But the results of the presidential election of 2016 marked a turning point. There was a palpable divide in the country, something that felt greater than before. And Watkins felt she could be doing more: Reconnecting communities. Bridging a gap. “Bringing us back to ourselves,” she says.
Her first step? Texting her old friend.
Wood had recently stepped into the Executive Director role at Inclusive Communities in 2015. When Watkins reached out to her in late 2016, she laid all of her cards out on the table, including an impressive resumé cultivating change in the Omaha community through her work at places like Opera Omaha, Habitat for Humanity and Sierra Club.
But she was hungry to elevate her mission and working at Inclusive Communities felt like the natural next step. When Wood informed her that their small team was looking for a Deputy Director, it once again felt like fate.
“Once you step into the role you’re supposed to step into, things start happening fast,” Wood says about their positions at Inclusive Communities. For these two women, both driven to make positive changes in the city they love, the sentiment couldn’t be more true.
Their combined passion has helped result in diversity and inclusivity programs in Omaha’s businesses and organizations. During this moment in history, where social justice work has never felt more important, Watkins and Wood are encouraged to see others wanting to make a difference, too.
An increasing number of Omaha organizations have approached Inclusive Communities, seeking to educate and reform. According to Watkins, 40 percent of their clients are from the corporate world, and 20 percent are from nonprofits. And the push for systematic change through dismantling stereotypes and conversations around intersectionality are keys for continued success.
Seeing Omaha businesses want to make changes in equality has been one thing, but for Wood and Watkins, being able to impact youth has been incredibly rewarding on a different level. When it comes to the young students who come through Inclusive Communities’ programs, these two women feel motivated to craft a better world for them. A world that they deserve.

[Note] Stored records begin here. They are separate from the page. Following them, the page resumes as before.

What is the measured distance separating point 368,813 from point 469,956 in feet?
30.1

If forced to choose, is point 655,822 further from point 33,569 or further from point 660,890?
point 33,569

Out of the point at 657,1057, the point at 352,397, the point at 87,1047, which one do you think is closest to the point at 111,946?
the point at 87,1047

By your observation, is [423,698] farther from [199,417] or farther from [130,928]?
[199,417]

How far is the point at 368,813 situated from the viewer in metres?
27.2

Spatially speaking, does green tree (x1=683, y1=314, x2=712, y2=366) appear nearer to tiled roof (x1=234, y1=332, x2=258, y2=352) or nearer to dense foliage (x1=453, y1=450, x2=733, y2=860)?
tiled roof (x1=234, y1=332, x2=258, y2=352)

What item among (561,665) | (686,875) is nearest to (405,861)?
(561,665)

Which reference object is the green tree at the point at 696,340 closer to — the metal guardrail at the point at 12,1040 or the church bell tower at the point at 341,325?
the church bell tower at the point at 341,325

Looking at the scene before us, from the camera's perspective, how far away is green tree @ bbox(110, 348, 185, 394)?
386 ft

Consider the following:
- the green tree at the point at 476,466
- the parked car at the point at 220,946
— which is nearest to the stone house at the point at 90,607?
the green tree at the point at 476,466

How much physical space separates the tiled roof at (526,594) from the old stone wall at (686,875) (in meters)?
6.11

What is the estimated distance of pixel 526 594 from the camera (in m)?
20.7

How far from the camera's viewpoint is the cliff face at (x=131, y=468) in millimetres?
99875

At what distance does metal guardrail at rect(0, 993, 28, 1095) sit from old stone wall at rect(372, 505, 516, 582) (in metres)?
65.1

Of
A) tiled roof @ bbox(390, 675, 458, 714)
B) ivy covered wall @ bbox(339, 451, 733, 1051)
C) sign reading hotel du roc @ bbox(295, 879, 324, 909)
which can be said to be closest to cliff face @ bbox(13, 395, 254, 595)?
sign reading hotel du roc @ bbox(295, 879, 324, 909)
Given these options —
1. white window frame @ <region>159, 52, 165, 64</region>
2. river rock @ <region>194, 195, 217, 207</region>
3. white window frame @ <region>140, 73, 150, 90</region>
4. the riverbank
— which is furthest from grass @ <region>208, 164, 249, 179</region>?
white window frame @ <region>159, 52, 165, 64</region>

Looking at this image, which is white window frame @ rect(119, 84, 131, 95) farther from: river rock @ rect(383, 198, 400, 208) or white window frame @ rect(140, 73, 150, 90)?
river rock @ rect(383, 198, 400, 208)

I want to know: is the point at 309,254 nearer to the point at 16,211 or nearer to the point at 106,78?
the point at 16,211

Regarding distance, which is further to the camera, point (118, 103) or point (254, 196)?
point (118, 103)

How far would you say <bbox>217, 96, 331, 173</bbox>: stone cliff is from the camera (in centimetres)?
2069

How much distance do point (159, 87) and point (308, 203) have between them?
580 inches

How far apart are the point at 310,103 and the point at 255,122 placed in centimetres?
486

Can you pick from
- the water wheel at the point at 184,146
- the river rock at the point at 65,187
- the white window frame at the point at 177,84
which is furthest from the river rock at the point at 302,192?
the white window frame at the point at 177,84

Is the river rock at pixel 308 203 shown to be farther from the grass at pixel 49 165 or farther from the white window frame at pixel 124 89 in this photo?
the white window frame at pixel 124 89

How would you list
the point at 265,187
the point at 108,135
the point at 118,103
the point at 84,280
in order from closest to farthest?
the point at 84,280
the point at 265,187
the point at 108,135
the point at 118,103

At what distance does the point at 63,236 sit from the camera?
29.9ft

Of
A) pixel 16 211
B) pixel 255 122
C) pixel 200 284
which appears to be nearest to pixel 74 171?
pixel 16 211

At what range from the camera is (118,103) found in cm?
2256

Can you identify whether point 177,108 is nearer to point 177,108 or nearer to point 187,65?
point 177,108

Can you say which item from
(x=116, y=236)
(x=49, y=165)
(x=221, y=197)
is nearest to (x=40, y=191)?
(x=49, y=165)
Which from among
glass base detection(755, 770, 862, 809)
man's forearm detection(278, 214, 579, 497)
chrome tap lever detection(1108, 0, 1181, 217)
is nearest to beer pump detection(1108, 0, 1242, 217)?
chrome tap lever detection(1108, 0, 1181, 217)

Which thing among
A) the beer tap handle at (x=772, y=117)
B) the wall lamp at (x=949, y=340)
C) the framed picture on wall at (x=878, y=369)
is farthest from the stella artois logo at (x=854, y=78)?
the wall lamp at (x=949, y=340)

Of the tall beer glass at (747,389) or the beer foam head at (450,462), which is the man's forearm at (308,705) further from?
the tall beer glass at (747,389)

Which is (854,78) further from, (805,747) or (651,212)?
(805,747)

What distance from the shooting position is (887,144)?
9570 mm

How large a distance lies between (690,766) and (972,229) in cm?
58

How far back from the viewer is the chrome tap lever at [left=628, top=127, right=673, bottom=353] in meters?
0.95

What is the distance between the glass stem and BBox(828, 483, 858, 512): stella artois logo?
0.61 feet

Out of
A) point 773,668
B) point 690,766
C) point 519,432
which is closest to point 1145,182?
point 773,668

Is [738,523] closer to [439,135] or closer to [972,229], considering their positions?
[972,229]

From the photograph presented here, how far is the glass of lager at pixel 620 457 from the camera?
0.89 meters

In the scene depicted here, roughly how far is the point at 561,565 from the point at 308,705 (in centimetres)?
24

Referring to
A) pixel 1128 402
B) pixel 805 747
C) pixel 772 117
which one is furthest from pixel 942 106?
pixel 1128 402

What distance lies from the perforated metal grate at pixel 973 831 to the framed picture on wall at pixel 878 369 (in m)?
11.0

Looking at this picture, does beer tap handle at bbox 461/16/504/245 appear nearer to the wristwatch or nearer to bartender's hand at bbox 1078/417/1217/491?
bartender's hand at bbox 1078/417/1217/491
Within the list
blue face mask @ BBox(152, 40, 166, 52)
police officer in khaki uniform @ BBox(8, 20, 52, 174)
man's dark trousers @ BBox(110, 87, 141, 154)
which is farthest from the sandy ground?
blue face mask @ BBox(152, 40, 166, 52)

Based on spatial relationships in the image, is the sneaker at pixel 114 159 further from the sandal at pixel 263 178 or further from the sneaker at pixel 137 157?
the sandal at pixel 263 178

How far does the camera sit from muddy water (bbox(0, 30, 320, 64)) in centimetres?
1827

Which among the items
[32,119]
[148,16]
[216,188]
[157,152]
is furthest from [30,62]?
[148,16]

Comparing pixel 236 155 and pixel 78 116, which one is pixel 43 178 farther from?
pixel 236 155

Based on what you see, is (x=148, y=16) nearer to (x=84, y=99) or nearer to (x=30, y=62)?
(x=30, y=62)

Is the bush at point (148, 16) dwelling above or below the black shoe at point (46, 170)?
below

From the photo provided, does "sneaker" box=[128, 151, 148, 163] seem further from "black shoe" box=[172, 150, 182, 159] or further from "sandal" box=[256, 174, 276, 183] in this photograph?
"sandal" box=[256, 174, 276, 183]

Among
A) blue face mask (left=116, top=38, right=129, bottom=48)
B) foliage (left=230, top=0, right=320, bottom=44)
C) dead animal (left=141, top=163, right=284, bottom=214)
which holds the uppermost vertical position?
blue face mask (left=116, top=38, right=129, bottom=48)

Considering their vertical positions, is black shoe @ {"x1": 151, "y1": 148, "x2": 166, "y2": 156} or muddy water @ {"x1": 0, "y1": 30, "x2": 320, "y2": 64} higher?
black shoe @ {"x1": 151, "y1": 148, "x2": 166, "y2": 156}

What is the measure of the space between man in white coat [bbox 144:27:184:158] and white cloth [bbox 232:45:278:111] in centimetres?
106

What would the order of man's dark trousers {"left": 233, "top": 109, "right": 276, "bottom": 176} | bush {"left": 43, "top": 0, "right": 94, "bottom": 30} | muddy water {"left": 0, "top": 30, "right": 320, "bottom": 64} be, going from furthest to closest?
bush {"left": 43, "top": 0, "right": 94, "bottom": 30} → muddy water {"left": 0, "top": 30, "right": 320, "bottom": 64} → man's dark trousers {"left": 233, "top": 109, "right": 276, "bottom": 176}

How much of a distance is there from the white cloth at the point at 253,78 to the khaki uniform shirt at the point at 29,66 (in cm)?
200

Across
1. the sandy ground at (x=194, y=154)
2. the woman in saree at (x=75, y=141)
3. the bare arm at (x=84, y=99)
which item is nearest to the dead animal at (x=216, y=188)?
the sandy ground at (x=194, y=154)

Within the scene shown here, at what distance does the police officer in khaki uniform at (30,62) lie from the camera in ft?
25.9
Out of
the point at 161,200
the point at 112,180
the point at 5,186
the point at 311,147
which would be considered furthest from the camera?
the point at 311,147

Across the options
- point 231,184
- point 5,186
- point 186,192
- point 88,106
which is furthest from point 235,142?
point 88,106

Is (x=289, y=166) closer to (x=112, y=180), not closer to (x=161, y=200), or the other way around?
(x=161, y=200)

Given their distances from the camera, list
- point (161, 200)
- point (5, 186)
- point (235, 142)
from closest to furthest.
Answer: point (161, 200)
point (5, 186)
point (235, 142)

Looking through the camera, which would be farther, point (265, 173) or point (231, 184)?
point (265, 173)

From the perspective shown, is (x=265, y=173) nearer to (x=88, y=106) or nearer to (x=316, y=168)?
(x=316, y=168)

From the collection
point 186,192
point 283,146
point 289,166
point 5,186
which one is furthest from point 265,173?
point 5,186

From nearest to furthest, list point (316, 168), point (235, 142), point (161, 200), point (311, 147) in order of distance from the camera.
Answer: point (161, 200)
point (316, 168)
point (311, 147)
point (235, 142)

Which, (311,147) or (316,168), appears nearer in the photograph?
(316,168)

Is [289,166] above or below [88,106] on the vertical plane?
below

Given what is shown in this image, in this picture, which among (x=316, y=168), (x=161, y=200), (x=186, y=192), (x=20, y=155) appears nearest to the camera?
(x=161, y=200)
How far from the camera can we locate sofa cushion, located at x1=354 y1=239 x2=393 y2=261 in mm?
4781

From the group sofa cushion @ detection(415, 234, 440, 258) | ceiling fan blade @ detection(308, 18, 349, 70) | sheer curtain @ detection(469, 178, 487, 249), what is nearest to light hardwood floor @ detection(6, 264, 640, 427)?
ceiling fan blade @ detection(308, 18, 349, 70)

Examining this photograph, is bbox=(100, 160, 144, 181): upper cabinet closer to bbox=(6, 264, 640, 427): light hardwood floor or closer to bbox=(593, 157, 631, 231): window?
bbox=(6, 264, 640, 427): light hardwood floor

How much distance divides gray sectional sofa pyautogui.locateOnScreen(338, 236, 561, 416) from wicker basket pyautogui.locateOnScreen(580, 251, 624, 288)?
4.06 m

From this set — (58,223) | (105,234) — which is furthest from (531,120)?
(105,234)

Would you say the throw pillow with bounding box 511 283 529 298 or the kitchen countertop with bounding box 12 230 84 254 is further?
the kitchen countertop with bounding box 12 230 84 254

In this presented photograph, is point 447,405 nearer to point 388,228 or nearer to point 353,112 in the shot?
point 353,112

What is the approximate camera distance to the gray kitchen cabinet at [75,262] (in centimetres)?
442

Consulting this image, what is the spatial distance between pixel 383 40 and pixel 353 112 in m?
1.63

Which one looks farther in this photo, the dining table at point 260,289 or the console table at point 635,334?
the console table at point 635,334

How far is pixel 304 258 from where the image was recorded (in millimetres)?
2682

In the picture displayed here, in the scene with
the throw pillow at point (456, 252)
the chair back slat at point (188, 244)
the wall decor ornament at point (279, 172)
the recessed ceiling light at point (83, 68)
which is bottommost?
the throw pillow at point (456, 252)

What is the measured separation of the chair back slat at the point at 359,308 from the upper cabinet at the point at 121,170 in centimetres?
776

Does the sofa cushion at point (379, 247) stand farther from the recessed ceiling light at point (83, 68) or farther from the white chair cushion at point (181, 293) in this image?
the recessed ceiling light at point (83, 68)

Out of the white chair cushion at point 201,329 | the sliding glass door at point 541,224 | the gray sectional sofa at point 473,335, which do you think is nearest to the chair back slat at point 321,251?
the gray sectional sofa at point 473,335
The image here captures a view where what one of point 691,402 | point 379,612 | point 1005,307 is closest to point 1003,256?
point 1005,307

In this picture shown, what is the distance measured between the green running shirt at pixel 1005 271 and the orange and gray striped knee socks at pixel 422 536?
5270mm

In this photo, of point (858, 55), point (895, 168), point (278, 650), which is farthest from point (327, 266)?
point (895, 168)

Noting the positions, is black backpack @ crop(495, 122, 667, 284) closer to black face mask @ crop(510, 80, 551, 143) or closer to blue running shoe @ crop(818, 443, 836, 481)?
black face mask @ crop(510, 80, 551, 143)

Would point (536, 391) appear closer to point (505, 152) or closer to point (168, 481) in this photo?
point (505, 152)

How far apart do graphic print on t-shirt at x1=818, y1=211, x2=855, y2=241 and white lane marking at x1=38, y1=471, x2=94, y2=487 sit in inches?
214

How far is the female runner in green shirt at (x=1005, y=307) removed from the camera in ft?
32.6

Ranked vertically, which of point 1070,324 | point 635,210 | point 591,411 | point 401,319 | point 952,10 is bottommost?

“They are so brave for expressing themselves,” Wood says, speaking about the youth in their programs. “And so we have to get the world ready for these students, because they have high expectations for how to be treated as humans.”
Effecting change on a global scale might seem daunting, but Watkins feels strongly that Omaha is the ideal size of city to see a ripple effect. “With that smalltown feel, the possibilities for connecting are greater,” she says. “It gives us a chance to create meaningful change.”
At Inclusive Communities, both women have been able to leverage their individual strengths to create system-wide reforms. The ability to push one another as well as support one another made this duo a powerful force in the community.
Their informal shared leadership approach at Inclusive Communities eventually led them to institutionalize it.
Naming Watkins a Co-Executive Director alongside Wood was only a natural decision, they say—one that was in the making ever since Watkins was brought on in 2017. Watkins credits Wood for being the only leader in her life that constantly saw her brilliance. “And she worked every day to make sure I also saw it in myself,” she says.
Some people may not ever find their soulmates in this life, but it’s a no-brainer to see that Maggie Wood and Cammy Watkins have been extremely fortunate to find each other. And the city of Omaha is lucky to have found them.